Here are a few details you should know before buying Majesco Ltd to earn hefty dividends.


You attract tax on dividend

Dividend earned from a domestic company was exempt until 31st Mar 2020. However, starting Apr, dividends received are taxable in the hands of the receiver as per the applicable tax rate. So if you are an HNI, you would have a massive tax to forgo considering the applicable surcharge too. Moreover, dividend income also attracts TDS. So, if you are looking to invest in Majesco for dividends, you might as well be ready to pay taxes.

But as an existing shareholder looking to sell the stock, you would attract a long-term capital gains tax of 10% or a short-term capital gains tax of 15%. So if you are gripped by the dilemma of whether to stay invested in Majesco to benefit from its massive dividends or exit now and book profits, it is better to take a call after doing a cost-benefit analysis. That is, after ascertaining your probable tax liability in two cases.

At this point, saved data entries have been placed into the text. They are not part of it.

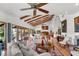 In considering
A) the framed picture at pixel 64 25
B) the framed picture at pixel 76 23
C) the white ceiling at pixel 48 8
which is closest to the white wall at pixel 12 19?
the white ceiling at pixel 48 8

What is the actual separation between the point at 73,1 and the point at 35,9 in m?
0.53

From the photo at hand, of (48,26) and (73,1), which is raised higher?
(73,1)

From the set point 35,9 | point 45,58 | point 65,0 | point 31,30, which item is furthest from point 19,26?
point 65,0

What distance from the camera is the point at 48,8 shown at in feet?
6.13

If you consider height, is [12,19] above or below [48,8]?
below

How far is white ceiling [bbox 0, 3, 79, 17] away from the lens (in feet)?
6.11

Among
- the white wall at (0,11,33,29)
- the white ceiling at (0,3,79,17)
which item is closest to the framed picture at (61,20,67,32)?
the white ceiling at (0,3,79,17)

Majesco’s stock prices could be impacted by dividends

Before buying Majesco Ltd or any dividend stock for that matter, it is best to understand how dividends impact the stock price. Here are some dividend dates you should be familiar with in order to make better-investing strategies.

Announcement date

The announcement date or the dividend declaration date is the date on which a company’s board of directors announces the next scheduled dividend.

Impact of announcement date on dividends

Corporate actions impact stock prices. Likewise, any change in the dividend amount to be distributed as declared on the announcement date can cause volatility in the stock price. For instance, if for a year, a company declares a lower dividend or nothing compared to the previous years, investors may perceive that it is in financial turmoil. As a result, they may liquidate their investments in the stock as a defence mechanism. This sends the price tumbling down. Conversely, declaration of a higher or equivalent dividend would make investors want to buy the stock, thereby boosting its price.

Record date

This is the cut-off date set by the company to ascertain the shareholders that are eligible to receive the dividend. Ergo, if you are not a shareholder of the company as of this date, you are not eligible to receive the dividend.

Impact of record date on dividends and stock price

The record date doesn’t have an impact on dividends or stock price.

Ex-dividend date

Generally, the ex-dividend date falls on two business days prior to the record date. You will only receive the next dividend declared by a company if you buy a stock before the ex-dividend date. That is, if you buy a stock after the ex-dividend date, you won’t receive the dividend.

Impact of the ex-dividend date on dividends and stock price

Considering an attractive dividend payment, you may be willing to buy the stock even at a premium before the ex-dividend date so that you become eligible to receive it. This boosts the stock price, which may rally up till the ex-dividend date. Before this date, the stock price is cum-dividend. Meaning, the stock price reflects the reserve earmarked for the dividend. However, the price would fall on the ex-dividend date since the company’s reserves would be reduced by the amount of dividend declared.

So if Majesco’s cum-dividend stock price is Rs 600 and dividend per share is Rs 500, on the ex-dividend date, the stock price would fall to Rs 100. While this results in a capital loss, Section 94(7) of the income tax rules prohibit you from claiming the benefit. As per the section, a capital loss incurred on selling stocks that you bought within 3 months before the record date and sold them within 3 months after the record date, are not allowed to be set off to the extent of dividend received.

Payment date

This the date on which the company distributes the dividend to shareholders.

Impact of payment date on dividends and stock price

Just like the record date, the payment date doesn’t impact dividends or stock price.

Now that you have all the details you need to make an informed investment decision, think over and do what’s best for you.